The pixel array 110 (for example, refer to fig. 2) may include a plurality of unit pixels 111 arranged in a plurality of rows and a plurality of columns. In some example embodiments, the first tap and the fourth tap of each of the plurality of unit pixels 111 may be disposed in the i-th row, and the second tap and the third tap of each of the plurality of unit pixels 111 may be disposed in the (i+1) -th row.

Referring to fig. 3A, the unit pixel 111 may include a photodiode PD, an overflow transistor OT, first to fourth transfer transistors TS1 to TS4, first to fourth storage transistors SS1 to SS4, first to fourth tap transfer transistors TXS1 to TXS4, first to fourth reset transistors RX1 to RX4, first to fourth source followers SF1 to SF4, and first to fourth selection transistors SELX1 to SELX4. In some example embodiments, at least one selected from the group consisting of the overflow transistor OT, the first to fourth storage transistors SS1 to SS4, the first to fourth tap transfer transistors TXS1 to TXS4, the first to fourth reset transistors RX1 to RX4, the first to fourth source followers SF1 to SF4, and the first to fourth selection transistors SELX1 to SELX4 may be omitted. Further, in some example embodiments, the unit pixel 111 may further include a transistor disposed between the transfer transistor (one of the first to fourth transfer transistors TS1 to TS 4) and the storage transistor (one of the first to fourth storage transistors SS1 to SS 4).

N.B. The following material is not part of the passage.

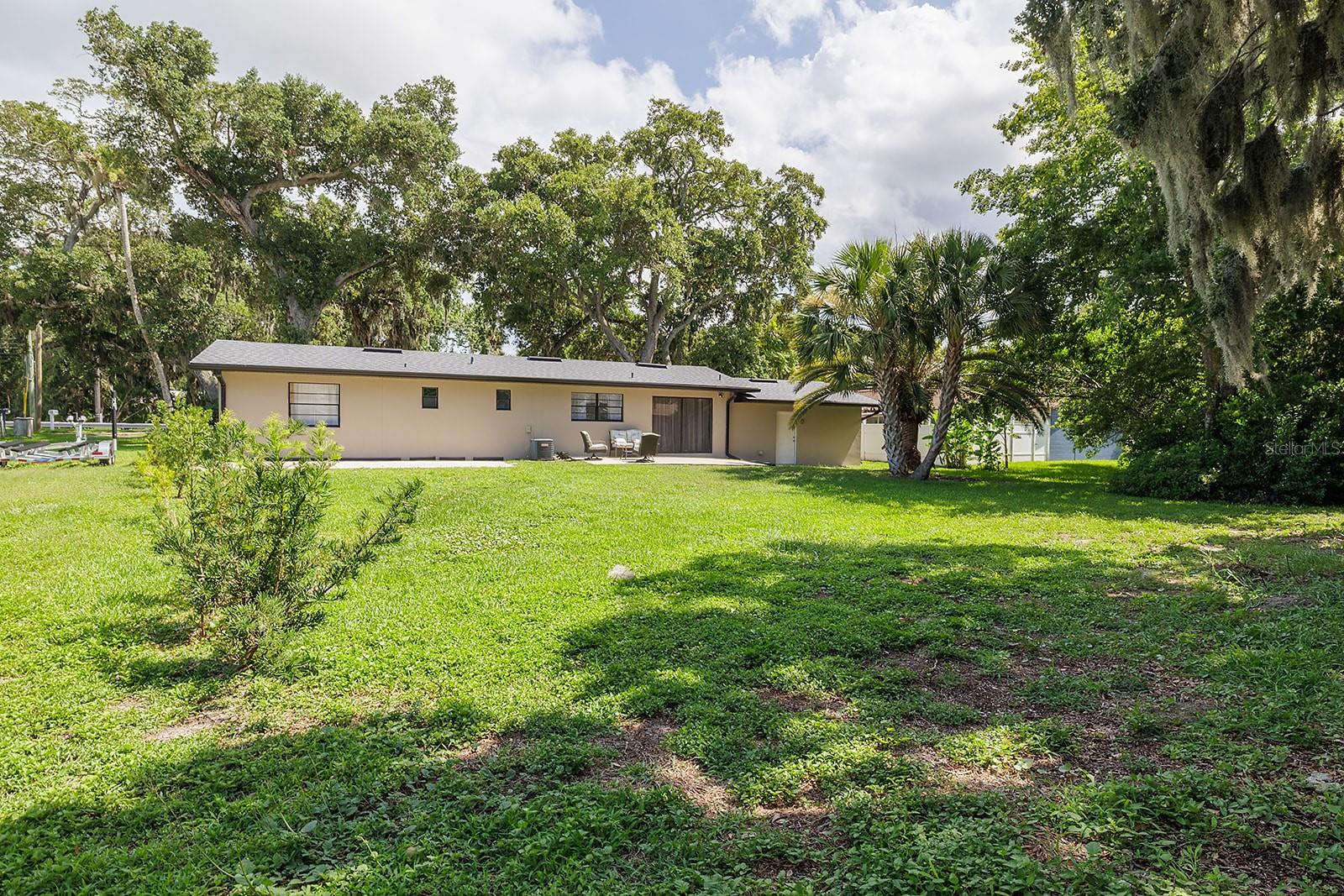 764 Reed Canal Rd Property Photo 22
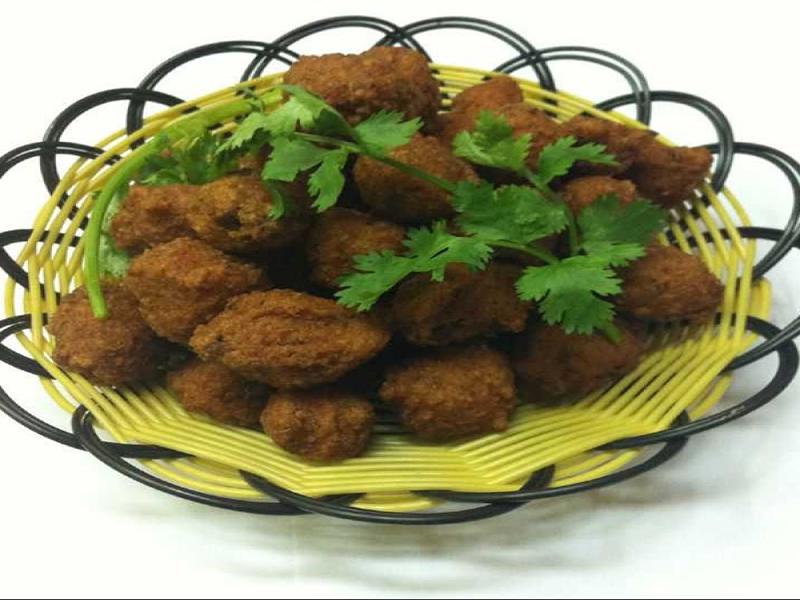 慢燉鵝金湯火鍋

The photodiode PD may generate a photo-charge that varies according to the intensity of a light reception signal (e.g., refer to RX in fig. 2). That is, the photodiode PD may convert the light reception signal RX into an electrical signal. The photodiode PD is an example of a photoelectric conversion element, and may be one of a phototransistor, a photogate, a Pinned Photodiode (PPD), and a combination thereof.

The first to fourth transfer transistors TS1 to TS4 may transfer charges generated in the photodiodes PD to the first to fourth storage transistors SS1 to SS4, respectively, according to the first to fourth photo gate signals PGA to PGD. Accordingly, the first to fourth transfer transistors TS1 to TS4 may transmit charges generated in the photodiodes PD to the first to fourth floating diffusion nodes FD1 to FD4, respectively, according to the first to fourth photo gate signals PGA to PGD.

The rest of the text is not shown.